Shabnam Kwofie, Amawrap
I love the story behind Amawrap and what it means to owner Shabnam Kwofie.
This is a product created with love and steeped in tradition. Shabs’s family, Indian in origin but from Uganda and her husband, a Ghanaian originally from Zambia have always known carrying.
“It’s not a big deal to families in Africa” she tells me it’s “just something you do”. This is illustrated perfectly during a family holiday a few years ago in Ghana when an ‘auntie’ scooped up their overtired toddler and wrapped him to her back. “I hadn’t met this lady and she didn’t know Micah but up he went and calmed down almost straight away.” A sling win!
Despite this heritage, Shabs didn’t know she was going to wrap her babies. She grew up in Leicester and was immersed in British culture. She discovered that being a new Mum, living in a first floor flat in London, recovering from a c-section and suffering from PND were not a great recipe for using a pram. Resourcefully she bought a large piece of stretchy fabric from the market and transformed it into a comfortable and practical baby wrap. Life was instantly easier and a close friend asked if she could have one made for her four week old. They were a striking pair in their burnished orange wraps walking around East London. Soon more Mums were asking if she could just ‘whip up’ a wrap for them and much to Shabs’s surprise they wanted to pay for them!

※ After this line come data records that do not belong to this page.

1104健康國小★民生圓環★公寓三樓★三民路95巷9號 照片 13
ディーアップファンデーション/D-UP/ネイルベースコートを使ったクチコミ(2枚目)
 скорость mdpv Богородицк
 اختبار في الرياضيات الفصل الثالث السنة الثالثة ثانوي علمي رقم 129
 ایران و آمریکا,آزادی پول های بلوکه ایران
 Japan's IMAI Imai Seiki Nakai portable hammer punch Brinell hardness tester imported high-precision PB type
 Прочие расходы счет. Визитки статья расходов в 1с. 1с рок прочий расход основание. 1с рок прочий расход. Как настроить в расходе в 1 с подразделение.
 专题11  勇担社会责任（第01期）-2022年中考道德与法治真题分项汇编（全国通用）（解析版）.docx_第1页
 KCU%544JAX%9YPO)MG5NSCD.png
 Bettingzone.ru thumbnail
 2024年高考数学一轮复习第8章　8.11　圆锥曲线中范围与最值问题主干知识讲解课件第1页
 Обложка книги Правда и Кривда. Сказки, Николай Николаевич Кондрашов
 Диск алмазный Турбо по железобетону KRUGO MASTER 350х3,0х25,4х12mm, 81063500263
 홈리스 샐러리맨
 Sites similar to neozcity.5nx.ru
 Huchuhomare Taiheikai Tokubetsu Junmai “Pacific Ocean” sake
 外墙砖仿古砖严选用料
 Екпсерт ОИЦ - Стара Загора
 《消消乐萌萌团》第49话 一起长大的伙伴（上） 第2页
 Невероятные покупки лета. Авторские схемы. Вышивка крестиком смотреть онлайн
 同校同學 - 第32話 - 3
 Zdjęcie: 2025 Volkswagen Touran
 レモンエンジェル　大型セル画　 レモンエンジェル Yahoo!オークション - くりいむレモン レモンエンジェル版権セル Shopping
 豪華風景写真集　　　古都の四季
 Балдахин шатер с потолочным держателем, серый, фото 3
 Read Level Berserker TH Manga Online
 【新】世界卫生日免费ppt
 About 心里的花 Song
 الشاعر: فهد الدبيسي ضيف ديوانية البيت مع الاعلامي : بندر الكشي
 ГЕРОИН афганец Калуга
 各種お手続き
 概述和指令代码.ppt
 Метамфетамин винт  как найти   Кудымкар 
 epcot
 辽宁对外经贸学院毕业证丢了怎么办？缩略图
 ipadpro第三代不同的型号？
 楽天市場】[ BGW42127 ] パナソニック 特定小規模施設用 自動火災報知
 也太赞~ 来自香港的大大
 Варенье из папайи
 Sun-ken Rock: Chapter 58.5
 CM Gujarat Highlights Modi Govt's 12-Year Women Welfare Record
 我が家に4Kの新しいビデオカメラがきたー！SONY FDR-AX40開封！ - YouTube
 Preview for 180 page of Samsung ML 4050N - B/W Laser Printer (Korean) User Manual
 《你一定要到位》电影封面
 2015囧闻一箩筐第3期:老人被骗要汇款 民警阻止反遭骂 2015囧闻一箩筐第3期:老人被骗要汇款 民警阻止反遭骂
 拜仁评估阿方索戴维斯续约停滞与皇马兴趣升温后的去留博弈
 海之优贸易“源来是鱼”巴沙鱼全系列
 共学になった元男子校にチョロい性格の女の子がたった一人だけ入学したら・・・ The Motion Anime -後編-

Amawrap was born and a business woman too. Shabs runs the business by herself, which she loves despite it being a huge challenge. She has her fingers in all the pies and knows how everything works; the manufacturing, marketing, sales and customer service. She is extremely proud that the product she makes is 100% cotton and made in the UK. I wanted to know how she went about getting them made and it turns out a good friend of hers worked in the garment industry and was able to help her make the right connections. Shabs didn’t work for Amawrap full time straight away but went back to work and juggled her job, the fledgling business and her young family, it was an exhausting time. After they moved out of London it made sense for her to commit to Amawrap full time so she could be at home and make her time work, rather than pay for childcare.
Shabs’s passion for her business is clear to see, her face lights up when she says how she and her husband “Love to honour” the tradition of babywearing with the Amawrap. It is a nod to their family’s culture and rich ancestry, this is why it’s called the Amawrap. Ama is their daughter’s ‘house’ name, a Ghanaian tradition with each child being given a christian name, house name and surname – it’s based on their sex and day of the week that they were born. I imagine that many of their customers are as delighted to hear of this as am I, but the other big challenge she faces is being a ‘small fish in a big pond’ and getting the story behind the product out to new families and potential customers. There are a lot of slings and baby wraps available and Shabs is busy trying to make herself heard in such a crowded market place. I know for many of us the person behind a product is as important as the other aspects (ease of use, safety and longevity to name a few), I feel that the more people know about the ingenuity, hard work and love behind the Amawrap the louder her voice will become.